Published on October 31, 2014

Two of my mice died this month because of the same problem: the right mouse button was defect. Either it clicked twice or it clicked only sometimes. I was looking for a replacement only to find that both mice are still quite expensive and the new models weren’t to my liking either. The mice cost a fortune and it would be best to prolong its life somewhat.

So I decided to open up the mice and photographed the G5 model (forgot to do so for the Mx518 model, but the principal is the same). You just need a small cross-headed screwdriver to get started. If you need to replace a component, like I did, you need a soldering tool as well.

Opening the mouse

Unscrewing the bottom
Fig 1: unscrew the bottom screws

Use the screwdriver to unscrew the four screws at the bottom of the mouse. You can then pull it out with your fingers using the cartridge and the wire, but it shouldn’t require much force.

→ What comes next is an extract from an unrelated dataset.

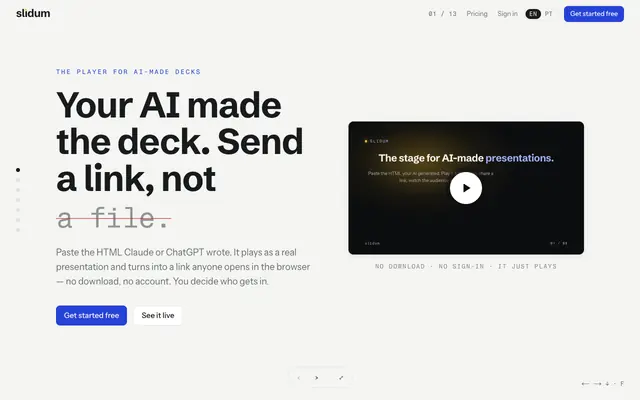 Screenshot of Slidum — send the link, not the file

When opened up, disconnect the wire from the top by gently wriggling it left and right.

Removing the cartridge

Removing the cartridge
Fig 2: remove the cartridge

Unscrew the top screw to remove the LEDs indicating the movement speed setting. Underneath the cardridge there is another screw so that the cardridge can be removed.

Unscrewing the circuit boards

Unscrewing the circuit boards
Fig 3: unscrew the circuit boards

Unscrew the three screws on the circuit board. The top screw also removes the holder for the mouse wheel, and don’t forget the screw in the hole right beside.

Gently pull the white clip upwards which connects to the LEDs board, the cable should not give any friction when removing it.

Desoldering the two circuit boards

Desoldering the two circuit boards
Fig 4: desolder the two circuit boards

Both boards are connected with 13 pins, seven in a row and a 2x3 grid. These need to be desoldered before you can replace any components. Wriggle the boards loose, which may require some force. Make sure all pins are correctly desoldered.

When both are separated, you can replace the D2FC-F-7N components which is fairly straightforward.